- _TASK TO COMPLETE_: Please set down exactly the lines of the listing below from the line containing "Poza cu Revell" through the line containing "Grand Studio Proche", both lines included, leaving out all other lines.

- _DATA_:
* * * * *
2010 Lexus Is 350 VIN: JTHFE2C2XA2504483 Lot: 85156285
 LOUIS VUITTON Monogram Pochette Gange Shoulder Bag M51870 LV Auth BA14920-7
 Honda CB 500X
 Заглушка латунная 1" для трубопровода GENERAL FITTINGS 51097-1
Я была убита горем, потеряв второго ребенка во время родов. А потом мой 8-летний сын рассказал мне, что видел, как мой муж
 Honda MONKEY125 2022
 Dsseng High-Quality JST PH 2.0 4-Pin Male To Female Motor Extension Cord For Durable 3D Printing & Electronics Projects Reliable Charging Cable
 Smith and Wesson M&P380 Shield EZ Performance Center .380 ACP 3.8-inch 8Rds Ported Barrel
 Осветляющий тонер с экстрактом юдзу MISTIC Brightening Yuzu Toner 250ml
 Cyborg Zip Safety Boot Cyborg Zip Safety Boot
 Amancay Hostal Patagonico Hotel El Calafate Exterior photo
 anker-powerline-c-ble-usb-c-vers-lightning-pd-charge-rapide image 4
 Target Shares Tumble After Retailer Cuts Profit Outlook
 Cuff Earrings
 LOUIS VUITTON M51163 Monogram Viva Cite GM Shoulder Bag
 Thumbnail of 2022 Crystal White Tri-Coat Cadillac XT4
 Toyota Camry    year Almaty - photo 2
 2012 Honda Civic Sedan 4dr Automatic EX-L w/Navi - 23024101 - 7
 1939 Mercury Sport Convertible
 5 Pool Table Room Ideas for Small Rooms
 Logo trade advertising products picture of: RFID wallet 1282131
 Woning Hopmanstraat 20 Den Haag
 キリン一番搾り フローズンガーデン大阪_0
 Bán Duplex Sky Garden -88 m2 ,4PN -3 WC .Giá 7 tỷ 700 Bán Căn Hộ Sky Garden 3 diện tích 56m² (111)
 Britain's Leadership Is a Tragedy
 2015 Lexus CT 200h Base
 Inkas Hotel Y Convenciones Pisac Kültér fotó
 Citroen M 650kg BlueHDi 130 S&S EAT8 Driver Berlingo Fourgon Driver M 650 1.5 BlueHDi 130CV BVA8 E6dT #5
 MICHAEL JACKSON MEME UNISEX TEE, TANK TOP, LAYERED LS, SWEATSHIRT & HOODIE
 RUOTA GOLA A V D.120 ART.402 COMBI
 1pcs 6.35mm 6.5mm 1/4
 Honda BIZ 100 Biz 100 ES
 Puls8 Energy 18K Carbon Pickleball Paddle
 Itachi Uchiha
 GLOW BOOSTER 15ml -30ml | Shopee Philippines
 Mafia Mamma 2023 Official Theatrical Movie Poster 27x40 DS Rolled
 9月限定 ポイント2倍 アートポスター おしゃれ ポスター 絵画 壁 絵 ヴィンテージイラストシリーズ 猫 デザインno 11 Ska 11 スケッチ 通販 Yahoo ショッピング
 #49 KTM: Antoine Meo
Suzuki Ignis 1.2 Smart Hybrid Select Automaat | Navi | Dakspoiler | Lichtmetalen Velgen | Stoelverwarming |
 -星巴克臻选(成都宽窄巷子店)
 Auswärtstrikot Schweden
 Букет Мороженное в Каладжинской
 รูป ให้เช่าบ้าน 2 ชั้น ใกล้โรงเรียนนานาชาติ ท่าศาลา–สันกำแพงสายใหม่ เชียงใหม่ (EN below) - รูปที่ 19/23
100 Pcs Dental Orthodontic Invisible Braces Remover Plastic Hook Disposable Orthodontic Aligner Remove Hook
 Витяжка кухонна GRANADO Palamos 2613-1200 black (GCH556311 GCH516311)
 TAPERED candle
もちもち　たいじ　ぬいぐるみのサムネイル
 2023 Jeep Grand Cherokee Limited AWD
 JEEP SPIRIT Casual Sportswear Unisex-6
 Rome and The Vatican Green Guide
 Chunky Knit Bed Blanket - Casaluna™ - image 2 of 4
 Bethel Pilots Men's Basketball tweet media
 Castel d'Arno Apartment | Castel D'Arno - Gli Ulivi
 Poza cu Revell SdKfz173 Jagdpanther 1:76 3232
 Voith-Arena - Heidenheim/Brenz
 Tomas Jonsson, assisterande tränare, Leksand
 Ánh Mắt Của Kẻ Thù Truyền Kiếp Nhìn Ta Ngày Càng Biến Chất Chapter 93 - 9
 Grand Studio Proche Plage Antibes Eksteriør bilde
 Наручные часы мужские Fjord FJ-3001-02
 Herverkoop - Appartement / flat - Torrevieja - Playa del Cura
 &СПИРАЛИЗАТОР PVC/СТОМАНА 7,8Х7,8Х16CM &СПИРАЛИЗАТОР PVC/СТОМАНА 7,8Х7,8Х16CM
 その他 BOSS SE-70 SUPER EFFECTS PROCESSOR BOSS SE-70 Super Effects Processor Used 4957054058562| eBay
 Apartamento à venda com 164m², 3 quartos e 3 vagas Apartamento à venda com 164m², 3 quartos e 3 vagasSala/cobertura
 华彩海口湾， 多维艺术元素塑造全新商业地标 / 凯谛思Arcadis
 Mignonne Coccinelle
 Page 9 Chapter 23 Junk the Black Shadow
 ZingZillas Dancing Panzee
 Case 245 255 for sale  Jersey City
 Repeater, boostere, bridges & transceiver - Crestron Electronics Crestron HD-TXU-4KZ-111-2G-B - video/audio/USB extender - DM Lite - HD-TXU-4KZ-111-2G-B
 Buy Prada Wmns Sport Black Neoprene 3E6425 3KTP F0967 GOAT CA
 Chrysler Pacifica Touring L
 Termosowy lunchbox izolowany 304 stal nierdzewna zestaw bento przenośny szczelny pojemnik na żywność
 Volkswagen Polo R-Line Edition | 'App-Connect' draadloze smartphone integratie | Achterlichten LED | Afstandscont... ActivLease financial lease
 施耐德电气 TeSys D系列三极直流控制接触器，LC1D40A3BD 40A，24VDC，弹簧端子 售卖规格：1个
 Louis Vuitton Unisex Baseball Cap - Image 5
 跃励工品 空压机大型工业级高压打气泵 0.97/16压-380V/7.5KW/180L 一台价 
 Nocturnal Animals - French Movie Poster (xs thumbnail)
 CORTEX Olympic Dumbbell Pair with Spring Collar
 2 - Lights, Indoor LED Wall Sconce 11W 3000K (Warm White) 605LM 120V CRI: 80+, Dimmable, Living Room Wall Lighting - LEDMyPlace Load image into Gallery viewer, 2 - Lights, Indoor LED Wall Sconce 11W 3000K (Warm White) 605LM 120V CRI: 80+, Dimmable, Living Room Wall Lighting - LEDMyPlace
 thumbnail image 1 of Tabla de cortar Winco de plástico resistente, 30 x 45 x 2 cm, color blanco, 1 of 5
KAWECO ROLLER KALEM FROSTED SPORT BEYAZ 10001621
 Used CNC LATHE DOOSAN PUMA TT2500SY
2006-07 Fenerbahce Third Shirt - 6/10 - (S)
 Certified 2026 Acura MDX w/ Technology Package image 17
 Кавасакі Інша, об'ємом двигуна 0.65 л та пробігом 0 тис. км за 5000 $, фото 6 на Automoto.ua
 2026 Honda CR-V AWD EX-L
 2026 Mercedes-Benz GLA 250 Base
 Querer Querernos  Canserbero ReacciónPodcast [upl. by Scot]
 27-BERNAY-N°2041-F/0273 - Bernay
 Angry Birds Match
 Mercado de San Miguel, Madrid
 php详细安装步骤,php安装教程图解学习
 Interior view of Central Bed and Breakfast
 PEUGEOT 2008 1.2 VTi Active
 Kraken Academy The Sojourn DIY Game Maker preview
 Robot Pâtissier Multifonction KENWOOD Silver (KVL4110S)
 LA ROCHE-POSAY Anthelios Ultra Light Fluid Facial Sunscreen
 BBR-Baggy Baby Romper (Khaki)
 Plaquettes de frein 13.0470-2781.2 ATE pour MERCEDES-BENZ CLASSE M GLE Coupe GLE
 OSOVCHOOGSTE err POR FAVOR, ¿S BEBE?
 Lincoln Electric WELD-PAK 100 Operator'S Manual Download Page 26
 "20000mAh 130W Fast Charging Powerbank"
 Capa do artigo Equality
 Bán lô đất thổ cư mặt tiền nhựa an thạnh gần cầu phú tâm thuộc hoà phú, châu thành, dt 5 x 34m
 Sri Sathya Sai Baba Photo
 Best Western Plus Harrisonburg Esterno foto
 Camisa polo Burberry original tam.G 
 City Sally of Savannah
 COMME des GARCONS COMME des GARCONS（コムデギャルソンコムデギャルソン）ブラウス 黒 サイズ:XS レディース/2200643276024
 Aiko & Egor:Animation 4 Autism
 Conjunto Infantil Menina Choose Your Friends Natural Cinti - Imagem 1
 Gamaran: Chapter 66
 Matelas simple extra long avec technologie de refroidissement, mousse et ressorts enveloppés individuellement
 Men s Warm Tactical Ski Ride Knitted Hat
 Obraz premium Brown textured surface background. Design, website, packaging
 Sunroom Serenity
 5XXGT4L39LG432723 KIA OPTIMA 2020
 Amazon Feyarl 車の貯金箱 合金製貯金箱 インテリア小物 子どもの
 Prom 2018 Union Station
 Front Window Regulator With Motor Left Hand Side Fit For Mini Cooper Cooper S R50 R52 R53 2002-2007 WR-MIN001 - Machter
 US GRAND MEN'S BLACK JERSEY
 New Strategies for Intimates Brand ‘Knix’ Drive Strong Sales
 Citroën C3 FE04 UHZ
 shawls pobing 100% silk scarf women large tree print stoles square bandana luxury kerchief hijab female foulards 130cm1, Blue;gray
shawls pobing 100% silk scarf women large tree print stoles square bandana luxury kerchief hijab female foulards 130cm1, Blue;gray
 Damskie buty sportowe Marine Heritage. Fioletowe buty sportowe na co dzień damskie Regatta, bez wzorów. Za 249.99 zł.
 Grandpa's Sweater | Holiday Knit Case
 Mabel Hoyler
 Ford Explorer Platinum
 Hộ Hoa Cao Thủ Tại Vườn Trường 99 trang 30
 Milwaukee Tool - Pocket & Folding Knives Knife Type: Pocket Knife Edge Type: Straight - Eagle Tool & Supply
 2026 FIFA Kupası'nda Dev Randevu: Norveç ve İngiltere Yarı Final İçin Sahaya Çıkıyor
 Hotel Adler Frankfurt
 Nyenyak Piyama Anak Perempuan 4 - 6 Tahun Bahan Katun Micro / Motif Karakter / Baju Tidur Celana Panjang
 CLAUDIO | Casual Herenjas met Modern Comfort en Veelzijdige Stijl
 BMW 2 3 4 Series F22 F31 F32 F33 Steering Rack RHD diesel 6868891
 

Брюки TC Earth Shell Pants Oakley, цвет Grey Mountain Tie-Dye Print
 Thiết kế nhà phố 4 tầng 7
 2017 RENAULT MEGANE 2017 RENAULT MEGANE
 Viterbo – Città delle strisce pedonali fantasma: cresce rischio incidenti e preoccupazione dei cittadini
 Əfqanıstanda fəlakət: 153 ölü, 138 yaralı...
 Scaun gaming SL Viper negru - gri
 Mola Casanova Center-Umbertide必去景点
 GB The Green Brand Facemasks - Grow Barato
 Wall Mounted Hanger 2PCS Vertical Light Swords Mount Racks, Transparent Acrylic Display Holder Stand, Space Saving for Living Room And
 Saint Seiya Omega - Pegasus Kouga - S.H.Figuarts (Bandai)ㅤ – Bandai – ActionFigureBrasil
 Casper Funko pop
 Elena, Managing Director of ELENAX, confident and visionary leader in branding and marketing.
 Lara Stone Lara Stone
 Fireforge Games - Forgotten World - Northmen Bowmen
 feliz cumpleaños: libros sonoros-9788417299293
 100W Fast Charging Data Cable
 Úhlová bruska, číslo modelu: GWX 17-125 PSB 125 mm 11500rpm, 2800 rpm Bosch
* * * * *
- _ANSWER SPACE_:
 Poza cu Revell SdKfz173 Jagdpanther 1:76 3232
 Voith-Arena - Heidenheim/Brenz
 Tomas Jonsson, assisterande tränare, Leksand
 Ánh Mắt Của Kẻ Thù Truyền Kiếp Nhìn Ta Ngày Càng Biến Chất Chapter 93 - 9
 Grand Studio Proche Plage Antibes Eksteriør bilde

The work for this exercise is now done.